Cascadian solutions in the Big Apple
September 20, 2014

“Climate change?!  That’s a global thing.  Let the global people deal with it.”

This is what we often hear from the fossil fuel interests and their allies when we propose bold climate solutions in the Northwest.   It’s one of their many ways of saying, “It’s hopeless. Resistance is futile.  Think about something else [… which, of course, people are understandably eager to do!]”

And that’s exactly why our increasingly bold efforts in the Northwest – stopping coal export, replacing coal with clean energy, expanding opportunities for all in the clean energy economy, and giving the oil industry some real competition – are so vitally important.  Not only do they pave the way to a future of sustainable, broadly shared prosperity in Cascadia; they also give real hope and inspiration to “the global people”, who have been desperately waiting for American leadership in climate solutions for over 20 years.

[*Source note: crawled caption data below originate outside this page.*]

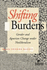 Shifting Burdens: Gender and Agrarian Change Under Neoliberalism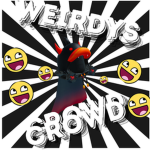 ( Paradox Group )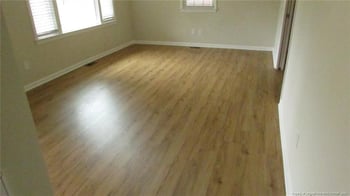 3412 Nato Rd, Fayetteville, NC 28306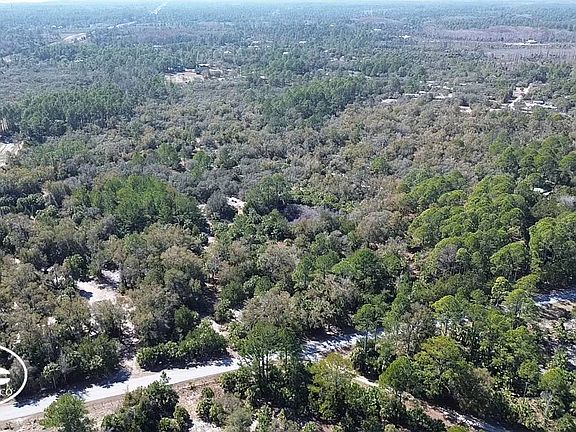 2nd image of 12050 SW Shiloh Rd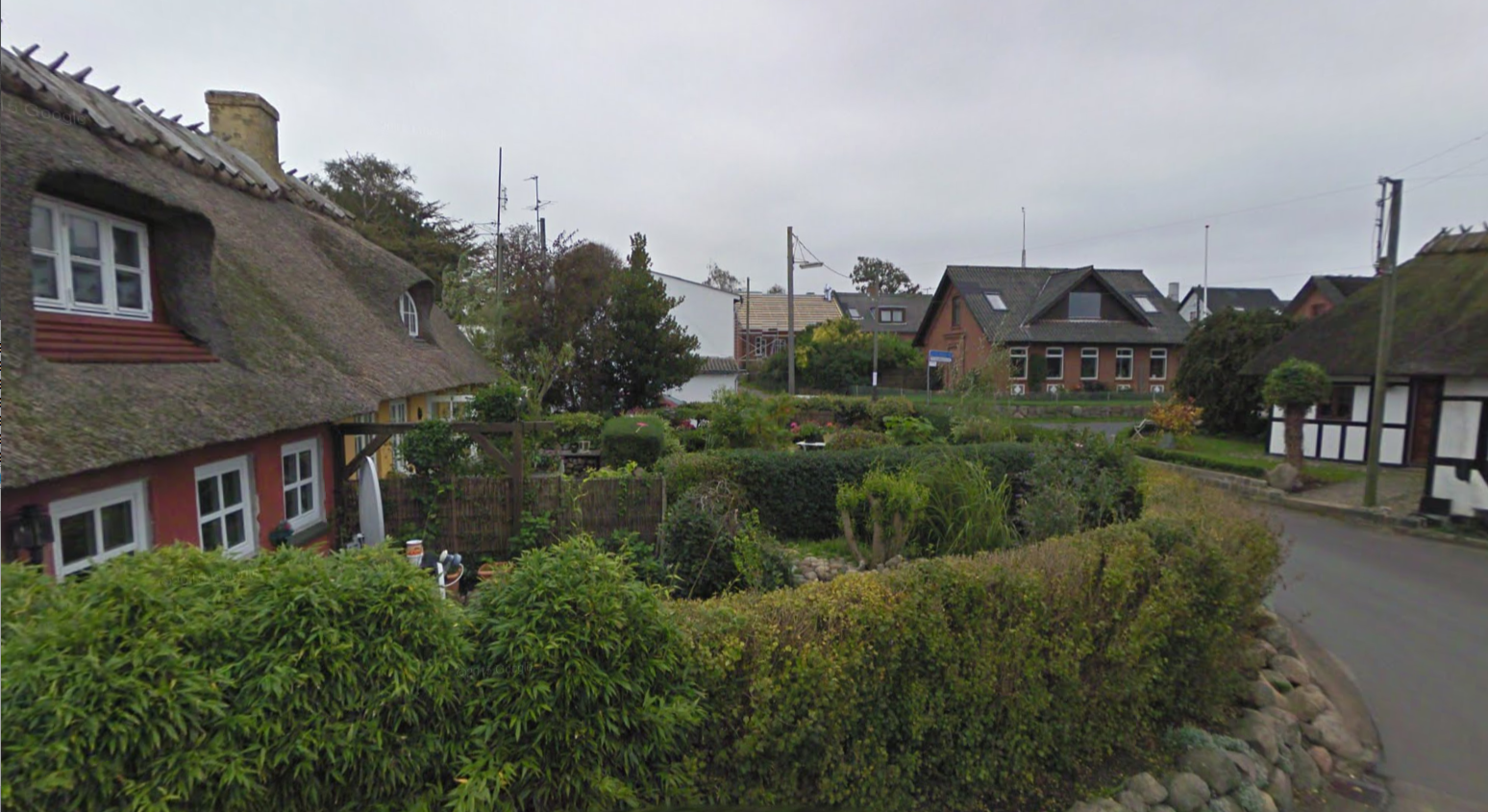Skærmbillede 2015-10-04 kl. 16.45.46.png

And when we meet with “the global people,” as we will at the UN Climate Summit this week in New York, BOY are they happy to see us. Despite the dismal history of US resistance to international climate commitments, the world is still eager and hungry to embrace Americans who are serious about solutions.  You Northwest advocates and pioneers can be sure that your work will be noticed and appreciated at the summit when, for example:

And, above all, we Northwesterners will be there when unprecedented throngs of people from all walks of life take to the streets in the People’s Climate March – the largest climate demonstration in history.  One whole section of the march, stretching for many blocks, is all about solutions, and you know the Climate Solutions banner will be flying high and proud! 

More from NYC soon!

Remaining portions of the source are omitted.